Solvents play an indispensable role in numerous chemical processes, including gas absorption, extraction, and reactions, which makes solvent selection one of the critical decisions in early-stage chemical process design. Given the vast number of potential solvents and their mixtures, solely experimental evaluation of their properties is prohibitively time- and cost-intensive. The infinite dilution activity coefficient is a fundamental thermodynamic property widely used to characterize liquid mixtures, especially for describing phase and chemical equilibria.
In this study, researchers developed a hybrid COSMO-SAC-ML workflow that delivers fast and quantitative predictions of infinite dilution activity coefficient. To circumvent labor-intensive and time-consuming quantum chemistry calculations, a multi-task deep learning model was developed to predict the σ-profile and molecular cavity volume as essential inputs for COSMO-SAC calculation. The prediction model achieved high predictive accuracy, with R² values of 0.982 for σ-profile and 0.997 for molecular cavity volume. The model exhibits excellent capability in distinguishing stereoisomers, cis/trans isomers, protonated/deprotonated species, and is also applicable to ionic liquids.
Based on the constructed prediction model, the original COSMO-SAC was evaluated on over 20000 experimental data points.

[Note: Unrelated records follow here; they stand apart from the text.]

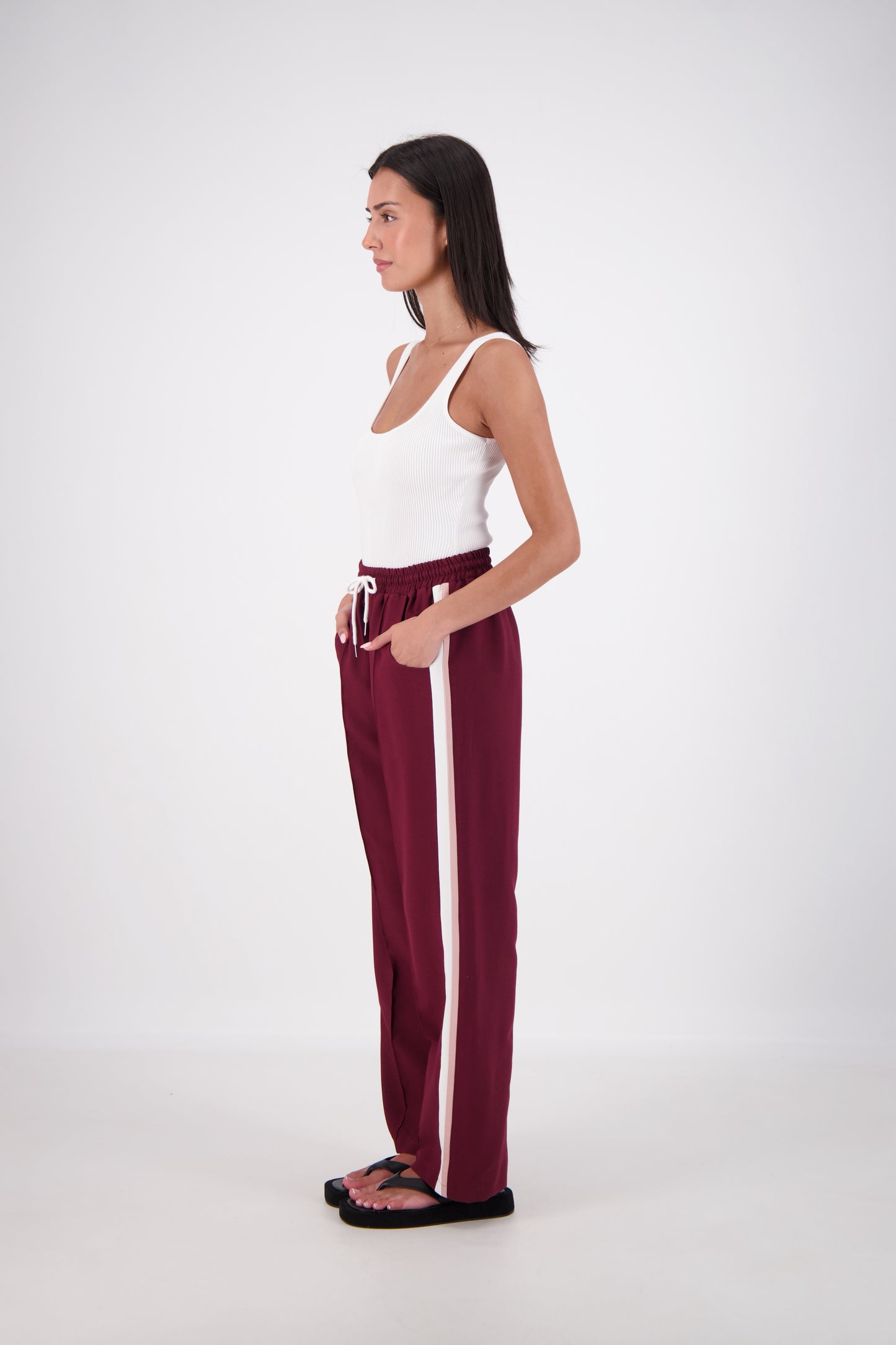 Cassis Trouser - Plum
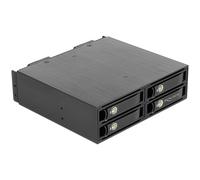 DeLOCK Obturateur de baie 47235 – 13,3 cm (5.25") Plateau de stockage de disques Noir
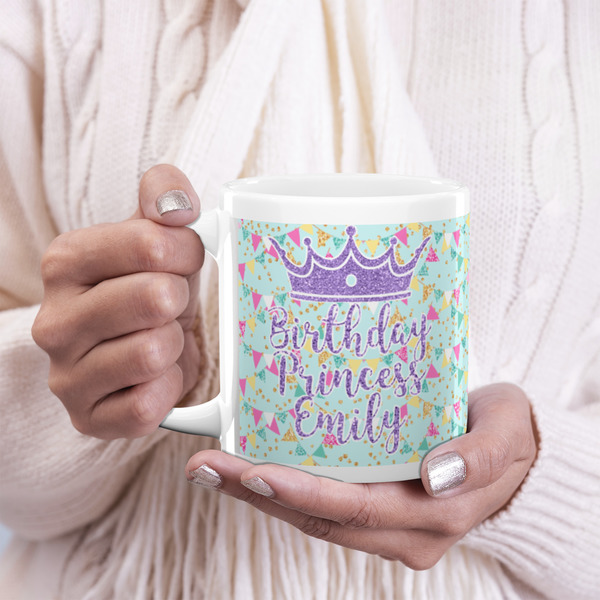Birthday Princess 20oz Coffee Mug - LIFESTYLE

Results revealed significant limitations, with a mean absolute error of 0.944 and a negative R² value of -0.443, indicating that the original model sometimes provides only qualitative rather than quantitative predictions, exhibiting particularly large errors for hydrogen-bonding mixtures such as halogenated-alcohols mixtures.
To enhance performance, four adjustable parameters within COSMO-SAC were optimized using the experimental data set. Parameter optimization yielded substantial improvement, reducing mean absolute error to 0.510 and increasing R² to 0.625. To further elevate predictive performance, boosting ensemble learning was implemented to predict residuals between experimental values and optimized COSMO-SAC predictions. The resulting hybrid COSMO-SAC-ML model achieved a remarkably low mean absolute error of 0.102, representing an 89.2% reduction compared to the original model, alongside a high R² value of 0.969.
The proposed COSMO-SAC-ML strategy showcases how classical thermodynamics and modern machine learning can complement each other to achieve both accuracy and physical insight, offering a robust platform for high-throughput solvent screening and broader mixture-property prediction. This accurate and efficient approach broadens the practical applicability of σ-profile and molecular cavity volume prediction, as well as infinite dilution activity coefficient calculations based on COSMO-SAC, facilitating high-throughput solvent screening for diverse chemical engineering applications.
DOI
10.1007/s11705-026-2625-y